The only other American sport that really even comes close to having that percentage of eligible teams miss the postseason is college basketball.  There are currently 351 Division 1 college basketball programs in the country, but 68 of them make the March Madness NCAA tournament at the end of the year.  So that is still a little over 19% of the eligible teams landing a spot in the postseason. 

This factor alone makes college football extremely unique.  It is impossible to determine who is the best team in the nation when only 3% of the eligible programs reach the College Football Playoff.  This factor also makes individual games so much more meaningful than any other sport. 

The Kansas City Chiefs can lose three games at the beginning of the season and still easily end up the best team in the AFC.  However, had Alabama lost three games, they wouldn’t have sniffed the Top 10 to end the season.  It makes it much more difficult for a college football team to have a bad game, and a stretch of two bad games is a death sentence for a playoff hopeful college football team.

Also, this many teams competing at the same level, even just in the Power 5, creates such a gap between the best and the worst.  The gap between Georgia and Vanderbilt is light years larger than the gap between the Houston Astros and the Pittsburgh Pirates.  It may not feel that way sometimes, but it's true.  Just imagine the gap between Georgia and the lowest ranking FBS team.  It can't be quantified.

Very Little Conference Crossover

Another factor that leans in the direction of the regular season is that college football has the least crossover.  You will never hear at the end of a baseball season that the Boston Red Sox did not deserve their World Series because they barely played the National League Central.  Nor will you hear as often that the Pittsburgh Penguins would have performed much worse in the Western Pacific division.  It comes up from time to time, but not nearly at the magnitude that it does in college football.

As a Pitt fan I heard a thousand times this season that, “Pitt would have been 7-5 at best playing in the Big Ten.”  Maybe.  Perhaps Pitt’s offense would have been shut down by Ohio State, Penn State, and Iowa.  However, the Panthers looked awfully good against a stout Clemson defense full of 5-stars.  The point is, we don’t know. 

There is not enough crossover to truly know how other teams would perform against the other conferences.  Also, coaches recruit to a particular style of play that may be more competitive in their own conference than it would be in another.  

We will truly never know how Pitt would have performed in the Big Ten or in the SEC because they didn’t have to.  They won the conference that was set in front of them, and that is the most we could ask from them.  Anything else is just speculation. 

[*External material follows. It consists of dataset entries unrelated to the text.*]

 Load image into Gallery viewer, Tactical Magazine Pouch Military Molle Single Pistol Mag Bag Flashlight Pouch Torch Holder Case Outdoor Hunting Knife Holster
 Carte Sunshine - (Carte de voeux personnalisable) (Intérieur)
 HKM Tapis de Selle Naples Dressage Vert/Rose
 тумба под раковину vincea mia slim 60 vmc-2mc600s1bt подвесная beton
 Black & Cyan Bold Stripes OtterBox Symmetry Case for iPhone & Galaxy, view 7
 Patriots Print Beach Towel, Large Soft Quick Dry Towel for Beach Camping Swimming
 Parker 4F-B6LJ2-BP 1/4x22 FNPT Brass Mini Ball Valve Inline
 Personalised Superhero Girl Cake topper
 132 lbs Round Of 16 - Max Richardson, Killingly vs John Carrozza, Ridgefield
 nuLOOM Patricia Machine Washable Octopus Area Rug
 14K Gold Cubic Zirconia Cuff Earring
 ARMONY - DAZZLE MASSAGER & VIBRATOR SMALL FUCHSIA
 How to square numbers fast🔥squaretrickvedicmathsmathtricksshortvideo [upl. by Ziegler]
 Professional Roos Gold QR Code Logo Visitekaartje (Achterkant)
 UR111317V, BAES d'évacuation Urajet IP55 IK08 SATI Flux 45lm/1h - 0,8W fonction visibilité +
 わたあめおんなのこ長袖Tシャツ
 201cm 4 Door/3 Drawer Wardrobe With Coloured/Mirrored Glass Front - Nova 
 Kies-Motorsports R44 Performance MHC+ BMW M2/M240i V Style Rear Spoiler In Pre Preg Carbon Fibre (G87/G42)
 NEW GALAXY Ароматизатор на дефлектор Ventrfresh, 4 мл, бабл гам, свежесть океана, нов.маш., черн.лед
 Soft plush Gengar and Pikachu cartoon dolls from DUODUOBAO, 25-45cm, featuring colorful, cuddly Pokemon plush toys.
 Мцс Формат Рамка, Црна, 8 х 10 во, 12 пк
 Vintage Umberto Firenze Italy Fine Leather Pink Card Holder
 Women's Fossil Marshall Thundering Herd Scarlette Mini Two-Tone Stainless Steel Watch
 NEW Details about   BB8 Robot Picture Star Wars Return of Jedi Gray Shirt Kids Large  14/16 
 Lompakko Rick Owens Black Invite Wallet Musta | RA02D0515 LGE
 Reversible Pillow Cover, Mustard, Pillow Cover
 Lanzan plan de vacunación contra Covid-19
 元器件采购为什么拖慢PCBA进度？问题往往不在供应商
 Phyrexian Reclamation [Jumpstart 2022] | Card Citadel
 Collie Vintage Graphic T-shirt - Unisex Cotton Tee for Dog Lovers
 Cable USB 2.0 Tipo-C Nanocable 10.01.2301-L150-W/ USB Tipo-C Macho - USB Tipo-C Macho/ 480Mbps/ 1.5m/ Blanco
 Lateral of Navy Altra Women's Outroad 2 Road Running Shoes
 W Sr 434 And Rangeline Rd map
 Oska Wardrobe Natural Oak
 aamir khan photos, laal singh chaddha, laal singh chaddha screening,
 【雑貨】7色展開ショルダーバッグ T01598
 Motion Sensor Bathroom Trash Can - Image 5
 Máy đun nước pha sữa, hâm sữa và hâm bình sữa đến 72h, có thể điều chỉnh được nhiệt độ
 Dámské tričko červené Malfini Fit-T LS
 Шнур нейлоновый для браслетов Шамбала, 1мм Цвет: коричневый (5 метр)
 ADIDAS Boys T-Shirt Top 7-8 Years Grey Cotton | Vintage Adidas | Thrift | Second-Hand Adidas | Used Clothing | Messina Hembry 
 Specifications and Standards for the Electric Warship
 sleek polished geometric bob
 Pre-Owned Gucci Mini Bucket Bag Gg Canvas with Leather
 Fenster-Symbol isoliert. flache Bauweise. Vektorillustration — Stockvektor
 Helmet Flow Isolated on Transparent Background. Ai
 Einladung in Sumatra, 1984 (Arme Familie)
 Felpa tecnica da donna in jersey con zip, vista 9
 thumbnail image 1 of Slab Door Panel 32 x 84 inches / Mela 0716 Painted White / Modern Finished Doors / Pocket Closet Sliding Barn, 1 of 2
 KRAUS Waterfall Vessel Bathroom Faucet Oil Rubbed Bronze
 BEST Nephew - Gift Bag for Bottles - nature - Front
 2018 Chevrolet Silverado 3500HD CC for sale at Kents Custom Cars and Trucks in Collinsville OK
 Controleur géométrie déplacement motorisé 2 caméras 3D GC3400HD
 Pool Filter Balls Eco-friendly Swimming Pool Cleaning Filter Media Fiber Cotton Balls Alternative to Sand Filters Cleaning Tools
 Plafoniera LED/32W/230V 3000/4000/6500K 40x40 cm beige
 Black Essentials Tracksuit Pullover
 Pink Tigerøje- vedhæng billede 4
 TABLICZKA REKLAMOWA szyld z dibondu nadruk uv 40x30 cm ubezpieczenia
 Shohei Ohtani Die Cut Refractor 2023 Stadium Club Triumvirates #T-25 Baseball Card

So even if the playoff system were expanded to twelve, or the Power 5’s dropped their FCS buy games for another cross-conference matchup, the perfect system does not exist.  This doesn’t mean that college football is a worse product overall than the other largely watched sports.  It’s just different in the sense that the regular season and conference titles mean more for 90% of the country than the postseason does.  Fans have adapted to this idea over time.  It’s time for the national media to do the same.